I’ve known many couples who've been together for over a year without even the slightest whisper of getting married. This is fine for those individuals who aren't at a stage in their lives where they're ready to settle down. However, if you've made it abundantly clear to your man from the beginning that you want to get married in the near future, a year and a half is more than enough time for him to decide if he wants to marry you or not. If after this time he still wants to take baby steps, like getting a dog together, it's time to move on.
During my previous eight year relationship we talked about marriage mainly because we thought it was just the next logical step. The relationship finally reached its breaking point in my mid-twenties, right around the time most women start thinking about their futures in terms of marriage. With this high school romance out of the way, I promised myself that I would never date anyone else for longer than a year and a half if marriage wasn't on the table. And that's exactly what I did.

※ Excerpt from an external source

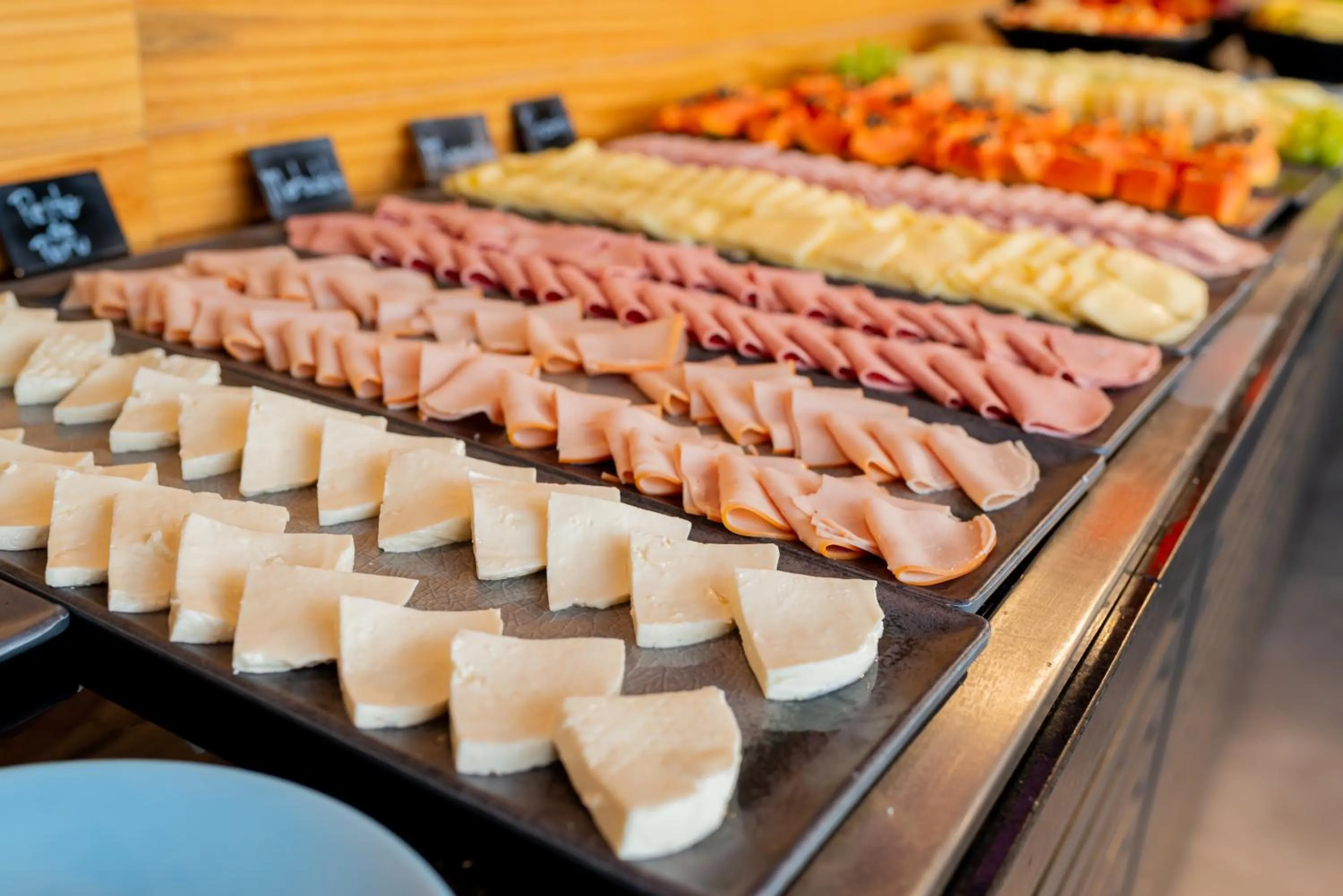 Buffet breakfast in Ibis Budget Guarulhos Aeroporto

If you’ve been together for a year and you haven’t spoken about the possibility of marriage, it's time to bring it up. If he bashes the idea, it's time to move on. Yes if you stick with him for another few years, you may force a marriage out of him, but you may also just find yourself single with a few more of your prime single years flushed down the toilet. There are plenty of men out there and you should be able to find one who is ready and more than willing to marry you. Unfortunately many men in their twenties suffer from the Peter Pan syndrome. They want to pretend that they're still living the single life where they can run off at the drop of a hat with a Swedish bikini team in need of an oil boy. They don't want to get married, not because they don't love you, but because they see marriage as the end of their youth.
If we let them, most guys would probably never get married. They would just sit in a relationship with all the trappings of a marriage, pretending that they are still, at their core, free to do whatever they want.

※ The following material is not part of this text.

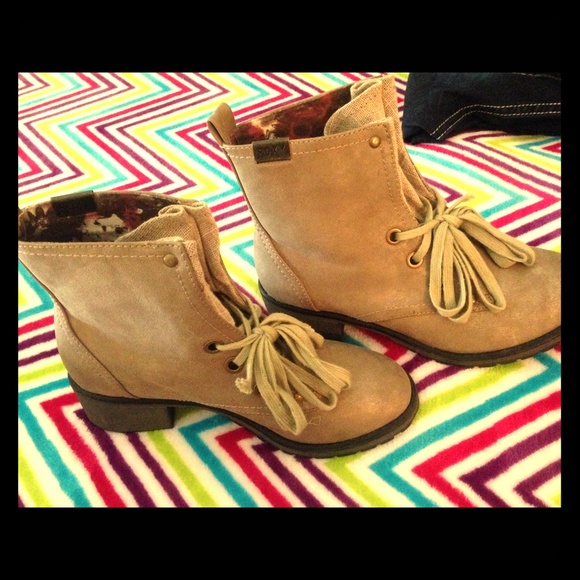 ROXY Boots!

The problem is that many couples literally get trapped in a relationship. They move in together and start building a life together. While the woman thinks all of this nest building is leading to marriage, the man thinks that he just has a glorified roommate who he has sex with. Suddenly the couple has a virtual marriage and the guy feels no need to validate the relationship with an actual marriage. The woman is stuck waiting around, not wanting to leave a quality relationship just because the man, as he says, doesn't need to sign a piece of paper to validate their relationship.
Marriage is far more than just a piece of paper. At the very least, many women want to have their perfect wedding, to walk down the isle and be the center of attention. We want to have that ring on our finger. To women, these ceremonies and gestures are important, more important than a piece of paper. We want a man to love us so much that he's willing to give up the illusion of being single to commit to us.

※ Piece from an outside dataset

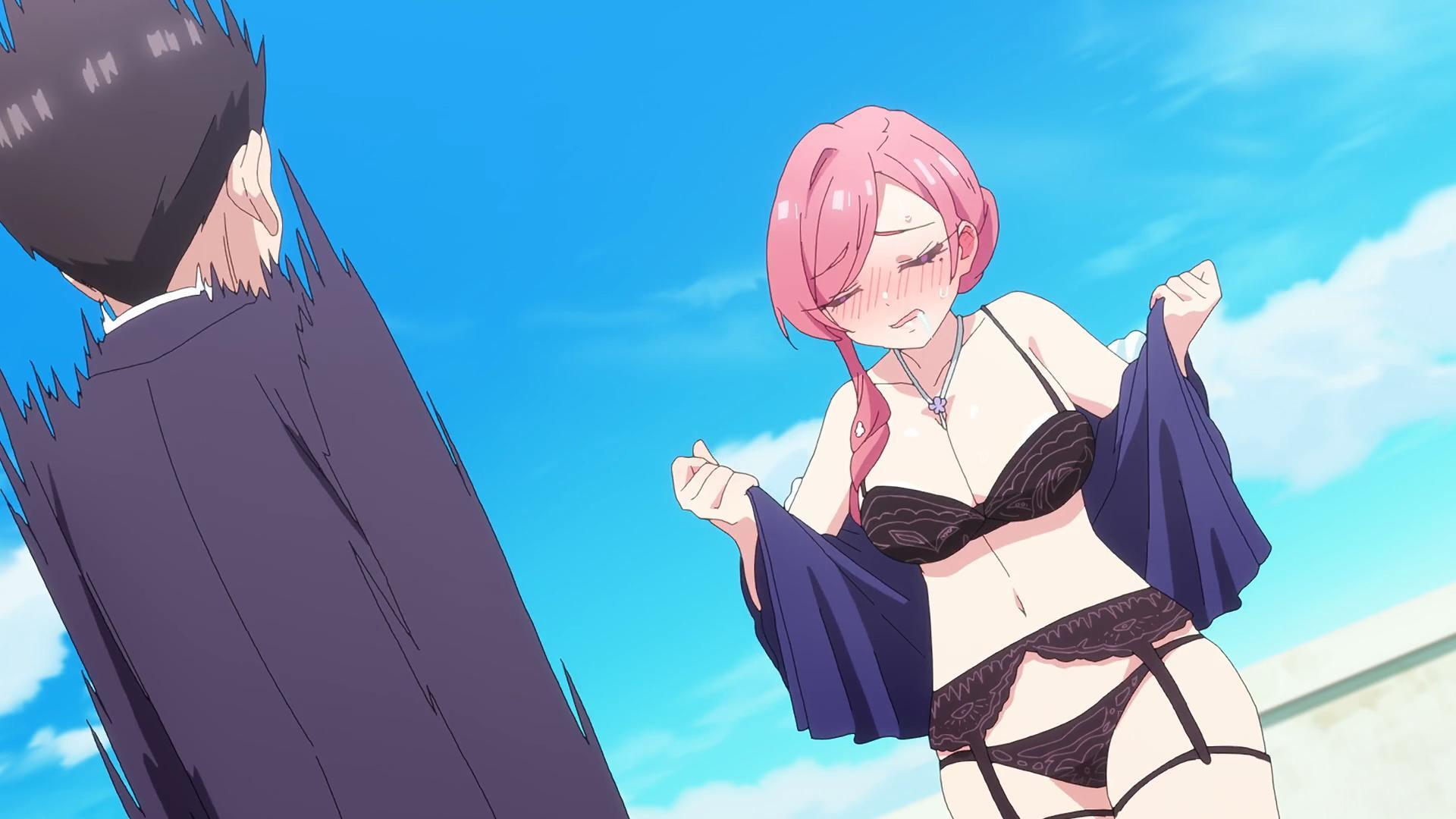 Ein Mann im Anzug und eine Frau in Lingerie vor blauem Himmel.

To understand a man's reluctance to get married, we must think of marriage in terms of a contract. Being in a serious long term relationship is the equivalent to signing a lease together. Yes, you have made a commitment to each other, but it is relatively easy to break the lease and move on if times get tough. Signing a marriage license for a guy is like signing a 30-year-morgage. Like the lease, the terms of this mortgage can be altered or the contract can be terminated, but not without a significant amount of strife.
I too believe that you don't need a piece of paper to prove that you're happy or compatible with a person. While I think it's important to test drive your domestic compatibility with a partner you shouldn't make this leap until you have had a serious conversation about your future. Make sure he knows that if your relationship does well in the same house together, then you will be looking for it to move to the next stage. When you sign the lease to your first apartment together, you are effectively signing on for a one year trial marriage. If at the end of that one year commitment he hasn't asked you to marry him or you discover that you really aren't compatible, it's the perfect time to find a new place and a new partner. Don't give him an ultimatum, but make it abundantly clear what you want and don't back down.
Marriage may not be for every couple. Many men say that marriage just isn't for them. I've heard women parrot this sentiment, but I'm far more skeptical when it comes from a female. Too often women become so invested in a relationship—house, children, pets—that they allow their man's wants to replace their own.
Before you ever get in a serious relationship, decide what you want. If you never want to get married, then great. But, if you picture yourself married with children in the next five years, don't change this to fit your man's vision of a perfect life. Be honest early about what you want. Yes, you will scare many men away, but it's better to get rid of them early than to wait around for five years and then break up.